Approximating the Posterior: Introduction to Variational Inference
PyApprox Tutorial Library
Learning Objectives
After completing this tutorial, you will be able to:
- Explain the idea behind variational inference: approximate the posterior by finding the closest simple distribution
- Visualize how VI searches over candidate distributions to find the best fit
- Run VI on a 1D problem and verify it recovers the exact posterior
- Compare VI and MCMC results on the same problem
- Recognize when a simple variational family is insufficient
Prerequisites
Complete From Data to Parameters: Introduction to Bayesian Inference before this tutorial.
A Different Strategy
The Bayesian inference tutorial computed the posterior exactly on a grid.

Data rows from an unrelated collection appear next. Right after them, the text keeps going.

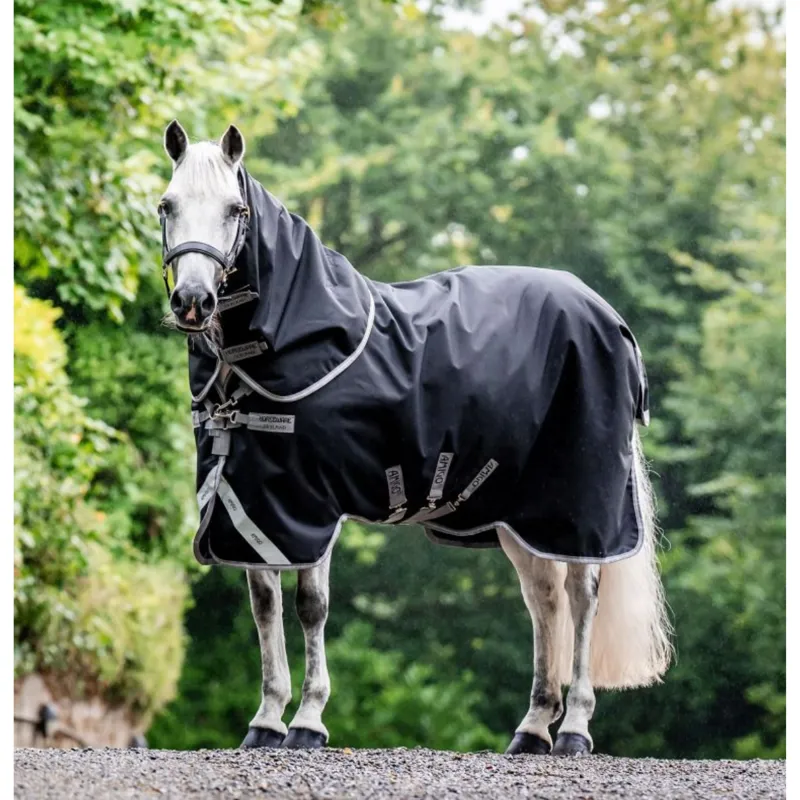 Horseware Amigo Bravo 12 Plus Light 100g Turnout Rug - Black/Titanium Grey Silver-1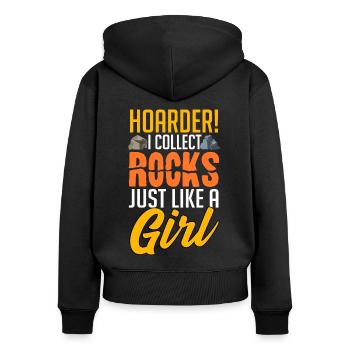 Felsenjagd Mineral - Frauen Premium Bio Zip Hoodie - Schwarz - Hinten - Julia (174cm)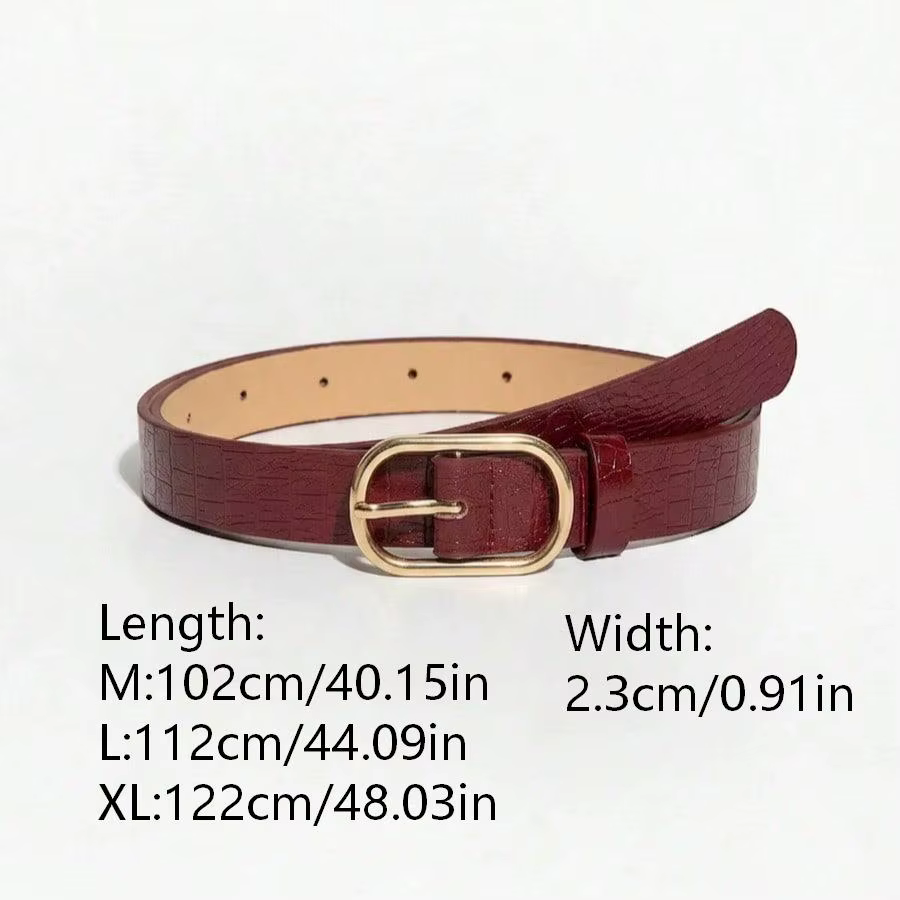 Ceinture vintage gaufrée rouge vin pour femme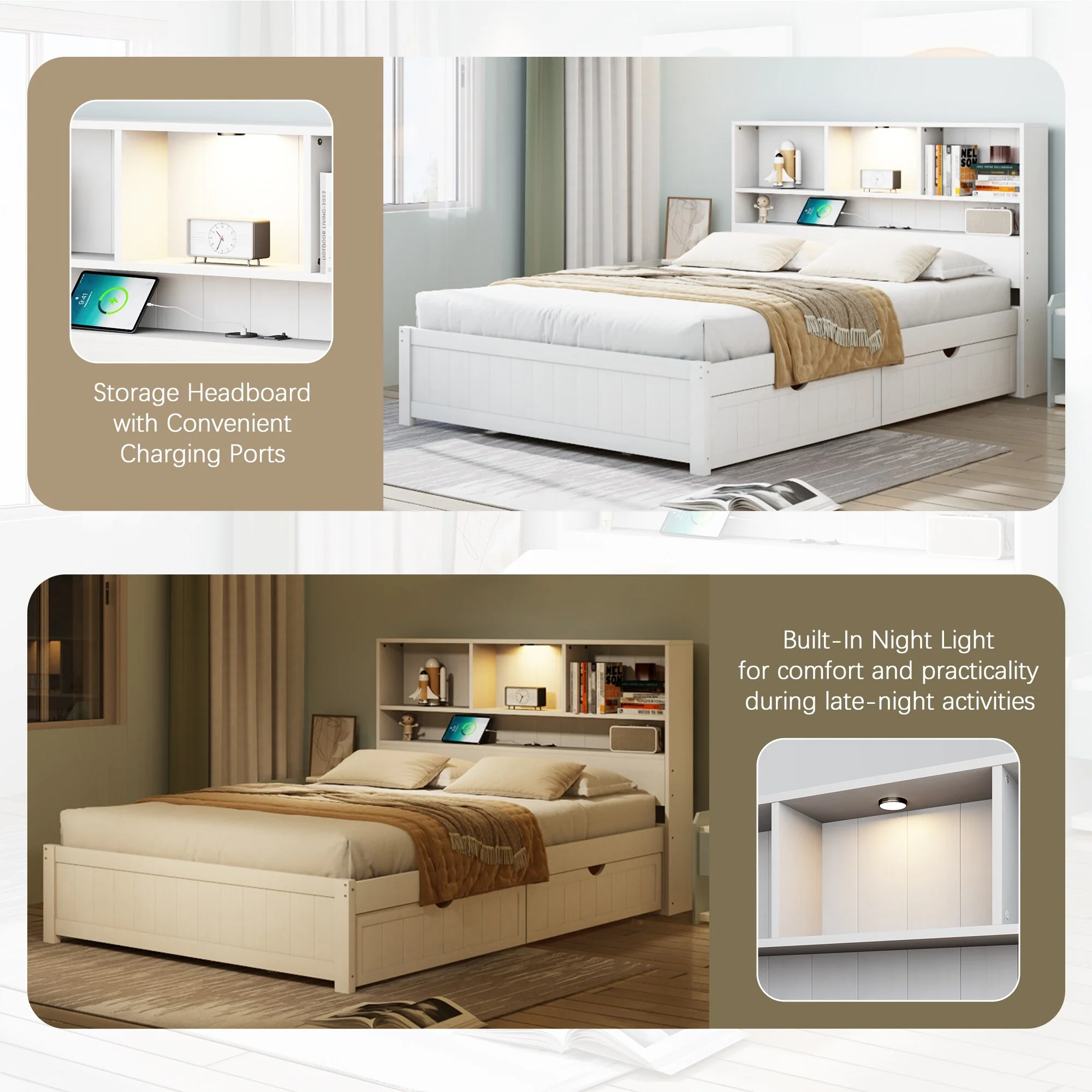 Storage Platform Bed with 2 Underbed Drawers, Wood Captains Bed with Bookcase Headboard Built-in Downlight Charging Station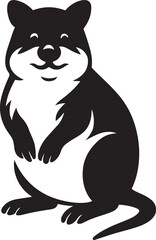 Happy wombat silhouette cartoon design, Cute marsupial in bold black vector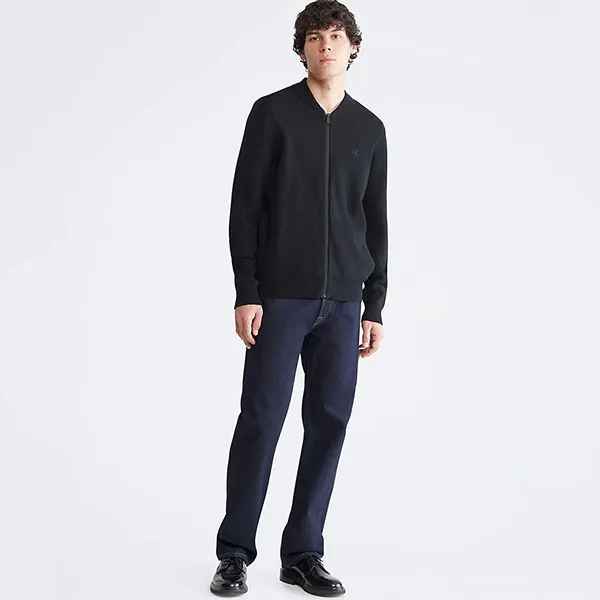 Áo Khoác Len Nam Calvin Klein CK SP40588414 - BLK Smooth Cotton Sweater Bomber Jacket Màu Đen Size M - Thời trang - Vua Hàng Hiệu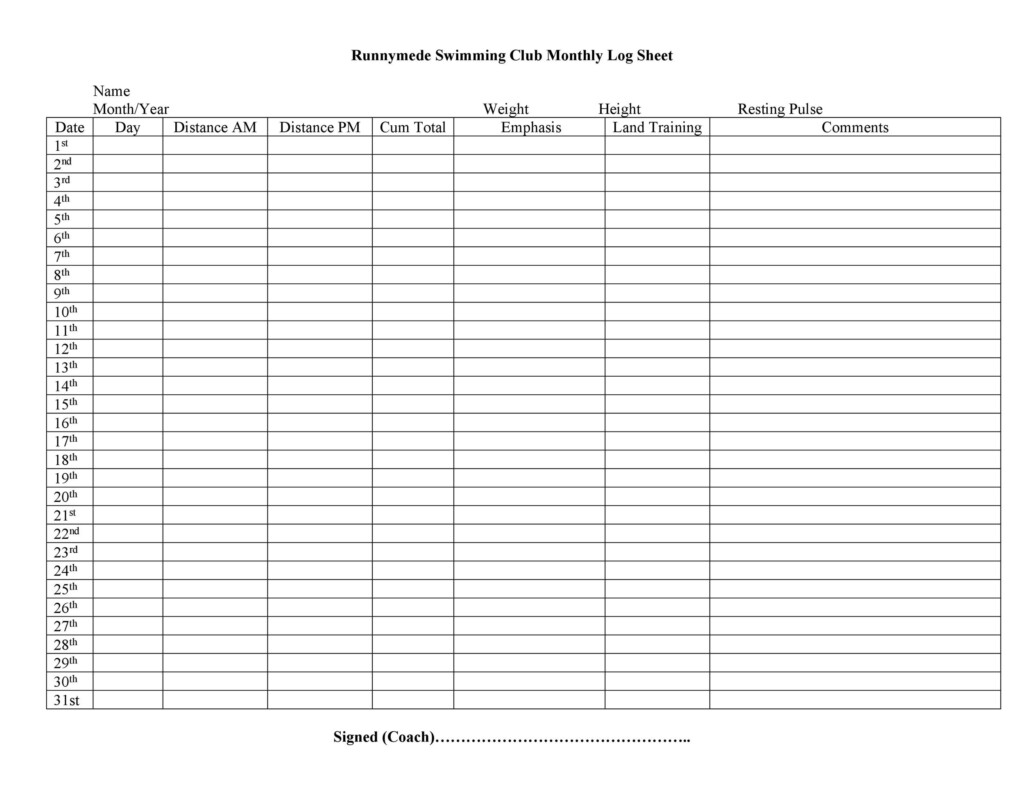 Blank Log Sheet Templates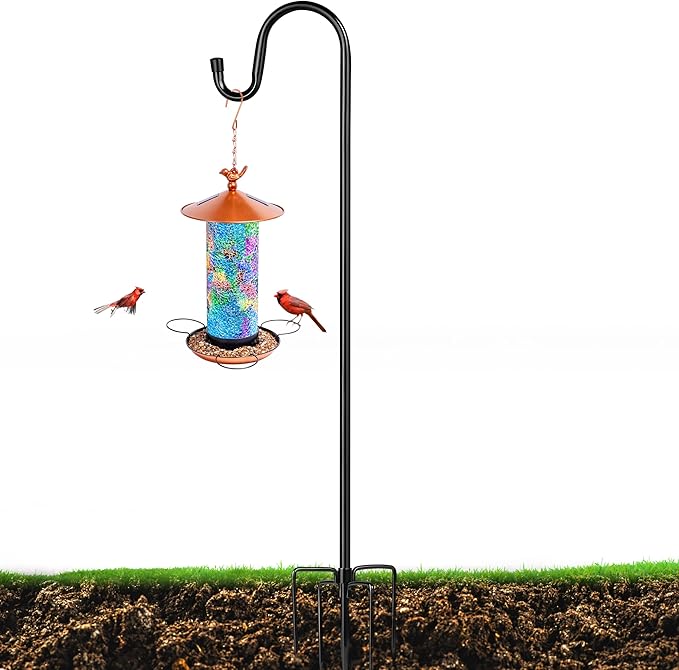 XDW-GIFTS Bird Feeder Pole for Outdoor, 60 Inch Shepherds Hooks Heavy Duty Garden Pole for Hanging Plant Basket, Solar Light Lanterns, Garden Plant Hanger Stands with 5 Base Prongs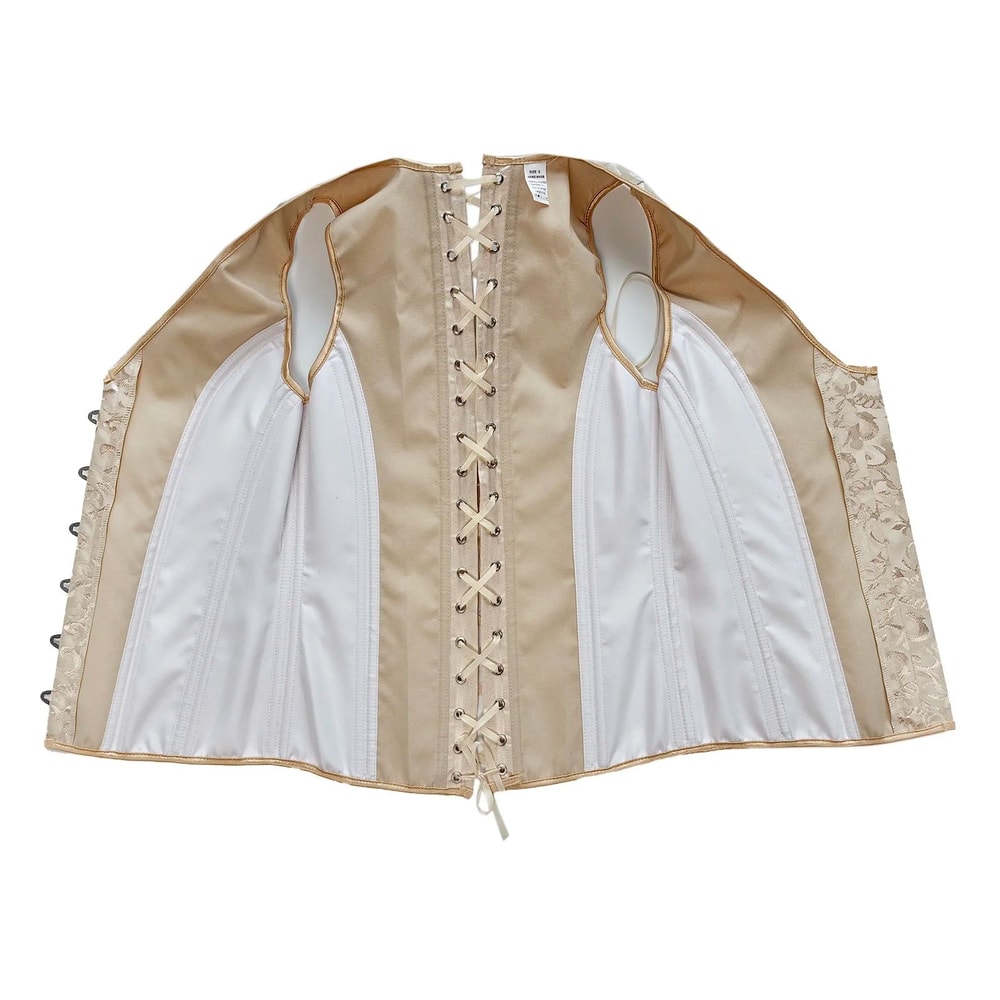 Mens Corset Vest Waistcoat Beige Floral Boned LaceUp Waist Trainer Tight Formal Dress Vest For Wed 4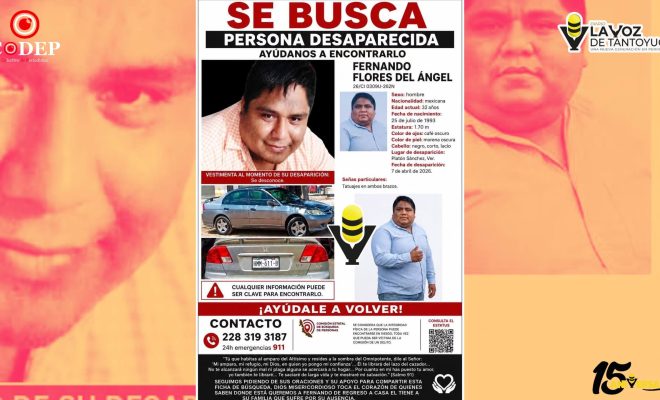 Buscan a Fernando Flores del Ángel, desaparecido desde abril en Huejutla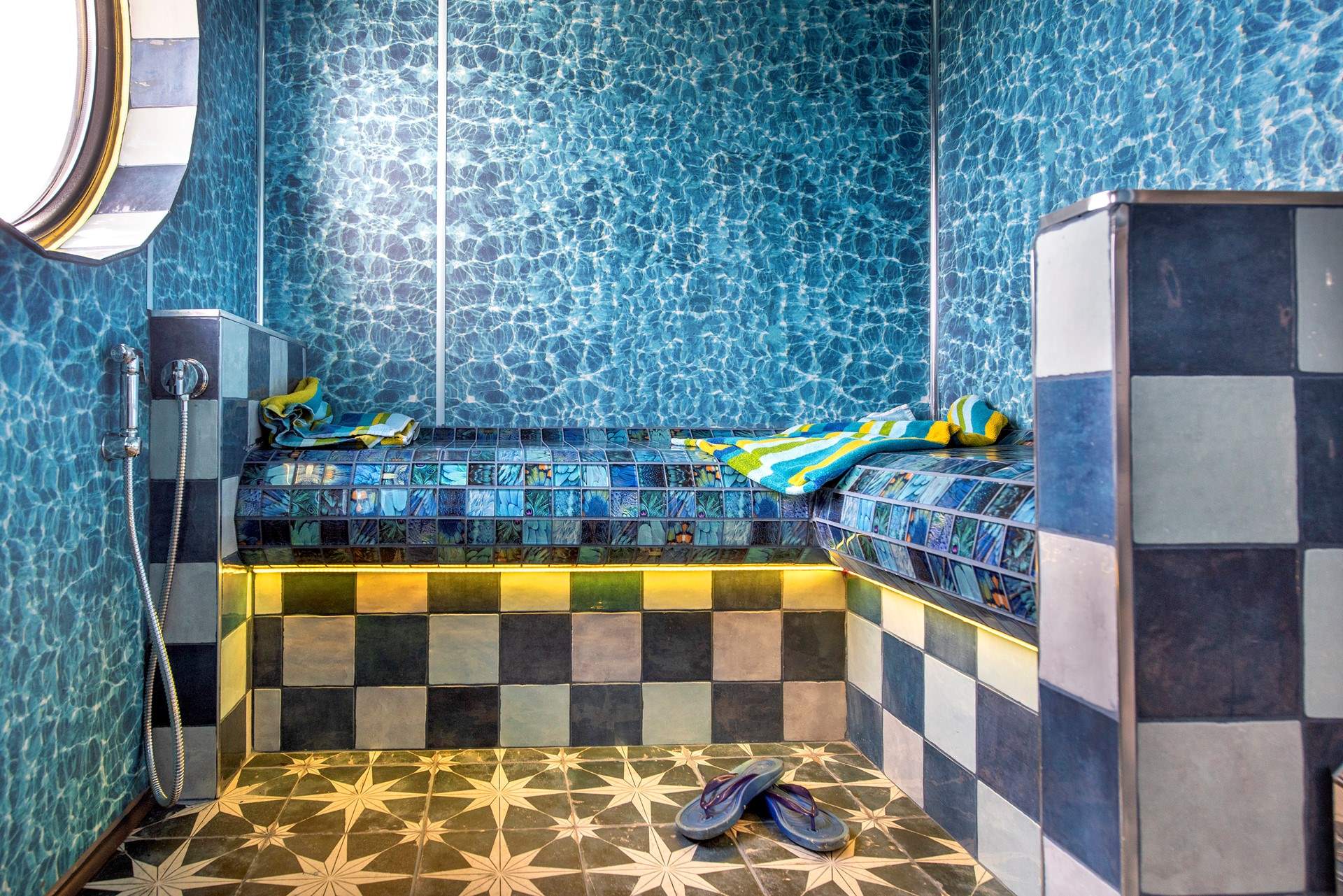 After a day at the beach, relax and unwind in the steam room.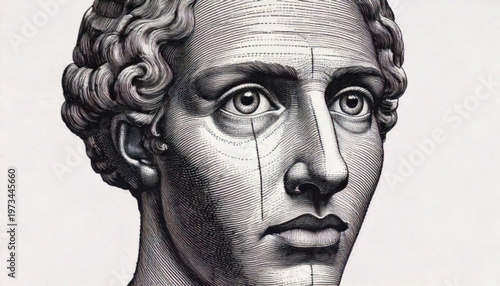 Ancient Roman Emperor Bust Portrait Detailed Engraving.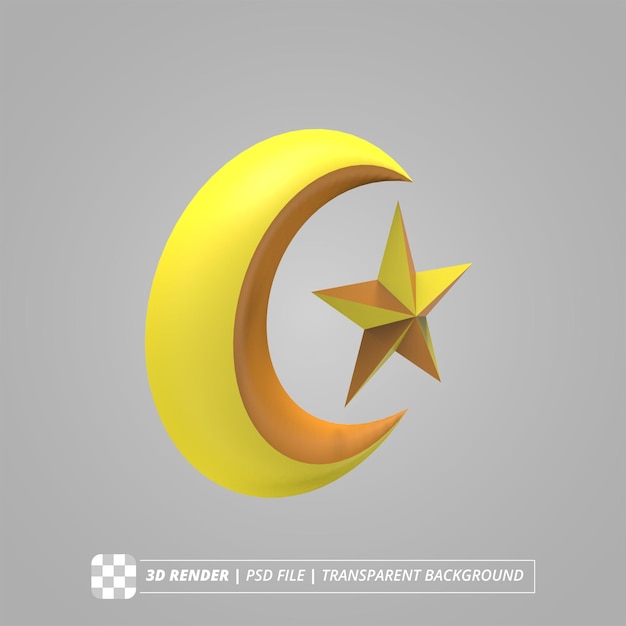 Rendu 3d Islamique Lune Et étoile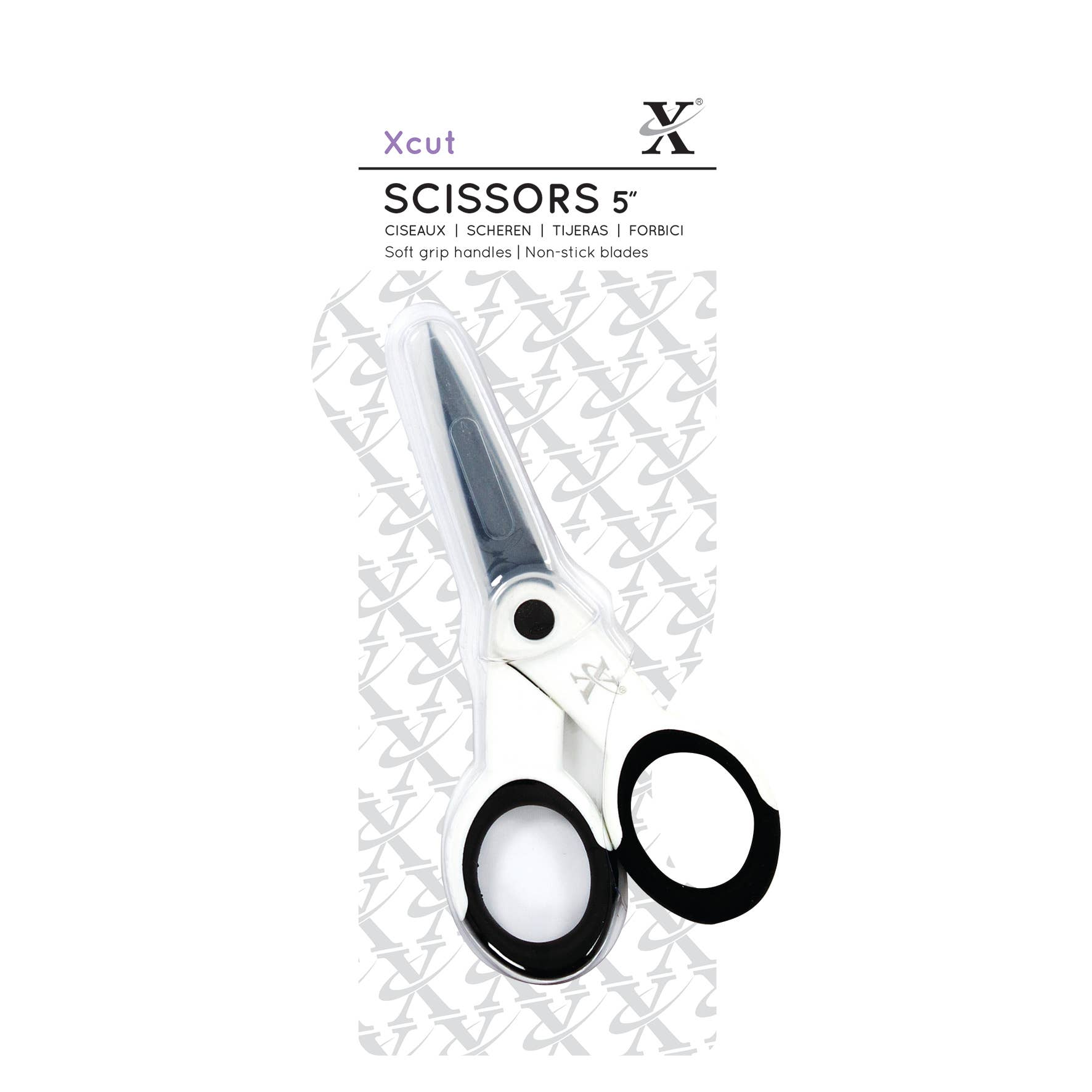 Xcut Precision Scissors, Soft Grip & Non-Stick, Black & White, 5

The MCMC tutorials generated samples from the posterior via a random walk. Both approaches answer the same question — what is the posterior? — but in different ways.
Variational inference (VI) takes a third approach. Instead of evaluating the posterior everywhere (grid) or wandering through it (MCMC), we pick a simple family of distributions — say, all possible Gaussians — and find the one that best matches the true posterior. Figure 1 contrasts this with MCMC.
The idea is simple: if we can parameterize a family of distributions (e.g., all Gaussians are parameterized by their mean \(\mu\) and standard deviation \(\sigma\)), then finding the best approximation is an optimization problem — search over \((\mu, \sigma)\) to minimize the mismatch with the true posterior. This is the core insight of variational inference.
Setup: The Beam Problem
We return to the cantilever beam from the Bayesian inference tutorial: tip deflection under a linearly increasing load with an uncertain Young’s modulus \(E\). The analytical formula is:
\[ \delta_{\text{tip}} = f(E) = \frac{11\, q_0\, L^4}{120\, E\, I} \]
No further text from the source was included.